It's a beautiful Monday morning....the sort of morning that always makes me happy and gets me excited about the week ahead. But this particular Monday morning has me thinking about conscious happiness. Do we to get to a happy place by choice? Are there some people that are just innately happy? IS there some great secret to it all? I read a fabulous quote last night that had something to do with making ourselves accessible to happiness. Am I accessible? I like to think so! I like to believe that if given the choice between being happy or being miserable, I would choose happiness. But I know that sometimes it's so much easier to get lazy and fall into the unhappy trap.
Admittedly, there are days when it's all not working and would just be EASIER to stay in bed. It would be EASIER to just hide under the covers for a while and wait for the storm to pass. It would be EASIER to blame PMS for my somber mood while scarfing down tubs of ice cream. But then there is the sunshine, and the fresh air.....there is the warm glow of possibility and the idea that if I do stay in bed I could be missing out on something fabulous! So...being the sort of girl that likes to assign myself little projects, I have decided that starting August 1st I am going to make every effort I can to CHOOSE to be happy. If the orders don't come as fast as I would like to them to, I will choose happiness. If my hair is not cooperating, the electric bill is unusually high, and the prices of gas go up, I will CHOOSE happiness. If I wake up to yet another group of friendly grey hairs that have decided to take up residence on my head, I will CHOOSE happienss. If hubby and I get into a tif about who needs to empty the dishwasher, I will CHOOSE happiness. It probably sounds a little odd to actually have made a decision to be happy...but honestly, sometimes I know I get caught up in my own head and tend to be a bit of a brooder....so for me, this assignment is BIG BIG BIG!!
I could choose un-happiness because most of the time that's the natural thing to do.
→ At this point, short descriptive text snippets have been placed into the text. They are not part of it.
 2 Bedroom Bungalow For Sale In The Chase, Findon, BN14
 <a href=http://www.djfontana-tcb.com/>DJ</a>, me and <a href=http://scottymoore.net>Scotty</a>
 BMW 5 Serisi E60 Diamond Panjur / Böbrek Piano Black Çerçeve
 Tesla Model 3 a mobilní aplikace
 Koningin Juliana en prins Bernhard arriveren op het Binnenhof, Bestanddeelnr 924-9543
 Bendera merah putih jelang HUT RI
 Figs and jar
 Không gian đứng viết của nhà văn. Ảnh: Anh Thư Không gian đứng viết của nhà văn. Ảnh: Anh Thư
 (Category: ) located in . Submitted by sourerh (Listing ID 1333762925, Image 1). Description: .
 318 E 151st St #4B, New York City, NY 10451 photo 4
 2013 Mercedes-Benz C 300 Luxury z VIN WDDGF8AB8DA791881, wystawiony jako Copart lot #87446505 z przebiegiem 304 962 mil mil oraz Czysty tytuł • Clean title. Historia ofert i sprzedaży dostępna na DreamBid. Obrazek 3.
I could get caught up in what is not working, what is not where I would like it to be and what is not happening in the time-frame I anticipated. OR.....I could see it all with fresh eyes....know that God knows what he is doing and be strong in my belief that things are just as they need to be. So, for August I choose happiness! I can almost certainly guarantee that this is not going to be as easy for me as it sounds, so you can bet that I will be posting updates. But in the meantime, I've given myself a few days to prepare for this new adventure to Happy Town. I'm packing nothing more than a shiny new journal, some watercolors and a whole lot of optimism! I hope I see you there!
Wishing you a cool-crisp-linen-sheet, a lazy breeze and breakfast in bed sort of day!